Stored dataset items
Segment Open

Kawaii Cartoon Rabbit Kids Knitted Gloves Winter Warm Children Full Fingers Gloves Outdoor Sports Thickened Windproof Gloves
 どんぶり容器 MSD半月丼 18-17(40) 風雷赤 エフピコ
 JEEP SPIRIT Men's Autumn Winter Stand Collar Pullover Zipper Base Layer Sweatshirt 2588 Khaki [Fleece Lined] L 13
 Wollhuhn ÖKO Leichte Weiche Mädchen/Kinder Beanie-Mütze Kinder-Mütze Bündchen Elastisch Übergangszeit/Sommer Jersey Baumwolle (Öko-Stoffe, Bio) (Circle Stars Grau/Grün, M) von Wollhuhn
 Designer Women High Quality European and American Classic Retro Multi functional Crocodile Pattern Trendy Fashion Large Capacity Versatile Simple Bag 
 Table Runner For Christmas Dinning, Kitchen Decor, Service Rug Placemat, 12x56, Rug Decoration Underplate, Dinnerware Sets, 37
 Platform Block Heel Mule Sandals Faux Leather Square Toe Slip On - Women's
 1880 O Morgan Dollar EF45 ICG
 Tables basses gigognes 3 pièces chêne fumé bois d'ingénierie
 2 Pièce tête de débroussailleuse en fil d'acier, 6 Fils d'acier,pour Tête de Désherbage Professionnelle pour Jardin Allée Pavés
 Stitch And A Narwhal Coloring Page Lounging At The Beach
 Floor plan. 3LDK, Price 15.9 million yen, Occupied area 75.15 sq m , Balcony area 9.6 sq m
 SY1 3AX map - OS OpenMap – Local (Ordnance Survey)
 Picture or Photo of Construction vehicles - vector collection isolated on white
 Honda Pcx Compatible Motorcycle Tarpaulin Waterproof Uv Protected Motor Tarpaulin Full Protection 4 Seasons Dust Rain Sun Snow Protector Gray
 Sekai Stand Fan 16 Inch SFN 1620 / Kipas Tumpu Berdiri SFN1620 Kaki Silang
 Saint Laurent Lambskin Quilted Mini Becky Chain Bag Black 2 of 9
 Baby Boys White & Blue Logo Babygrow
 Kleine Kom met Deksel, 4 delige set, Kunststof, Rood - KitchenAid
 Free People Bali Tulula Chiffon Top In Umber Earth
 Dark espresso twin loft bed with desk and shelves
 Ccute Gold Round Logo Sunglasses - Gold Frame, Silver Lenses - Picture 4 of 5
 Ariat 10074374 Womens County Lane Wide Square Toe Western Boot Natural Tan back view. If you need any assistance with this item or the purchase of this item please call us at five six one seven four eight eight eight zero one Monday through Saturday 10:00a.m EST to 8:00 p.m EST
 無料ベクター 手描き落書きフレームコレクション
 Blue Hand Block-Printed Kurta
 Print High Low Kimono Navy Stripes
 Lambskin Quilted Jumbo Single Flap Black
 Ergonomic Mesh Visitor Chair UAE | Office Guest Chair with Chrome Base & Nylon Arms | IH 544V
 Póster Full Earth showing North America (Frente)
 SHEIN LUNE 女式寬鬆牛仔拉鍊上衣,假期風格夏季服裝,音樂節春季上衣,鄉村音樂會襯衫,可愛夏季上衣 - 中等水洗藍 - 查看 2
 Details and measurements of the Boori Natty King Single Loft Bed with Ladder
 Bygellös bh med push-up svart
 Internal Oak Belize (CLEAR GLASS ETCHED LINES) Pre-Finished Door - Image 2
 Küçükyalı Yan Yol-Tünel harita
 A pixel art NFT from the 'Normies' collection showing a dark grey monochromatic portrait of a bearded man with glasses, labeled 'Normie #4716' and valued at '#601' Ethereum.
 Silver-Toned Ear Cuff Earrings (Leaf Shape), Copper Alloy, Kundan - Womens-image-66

Segment Closed

### WHAT THE TASK ASKS
Reproduce exactly the lines from the beginning of the entries above up to and including the line that contains "Tables basses gigognes".

### TASK SOLUTION
Kawaii Cartoon Rabbit Kids Knitted Gloves Winter Warm Children Full Fingers Gloves Outdoor Sports Thickened Windproof Gloves
 どんぶり容器 MSD半月丼 18-17(40) 風雷赤 エフピコ
 JEEP SPIRIT Men's Autumn Winter Stand Collar Pullover Zipper Base Layer Sweatshirt 2588 Khaki [Fleece Lined] L 13
 Wollhuhn ÖKO Leichte Weiche Mädchen/Kinder Beanie-Mütze Kinder-Mütze Bündchen Elastisch Übergangszeit/Sommer Jersey Baumwolle (Öko-Stoffe, Bio) (Circle Stars Grau/Grün, M) von Wollhuhn
 Designer Women High Quality European and American Classic Retro Multi functional Crocodile Pattern Trendy Fashion Large Capacity Versatile Simple Bag 
 Table Runner For Christmas Dinning, Kitchen Decor, Service Rug Placemat, 12x56, Rug Decoration Underplate, Dinnerware Sets, 37
 Platform Block Heel Mule Sandals Faux Leather Square Toe Slip On - Women's
 1880 O Morgan Dollar EF45 ICG
 Tables basses gigognes 3 pièces chêne fumé bois d'ingénierie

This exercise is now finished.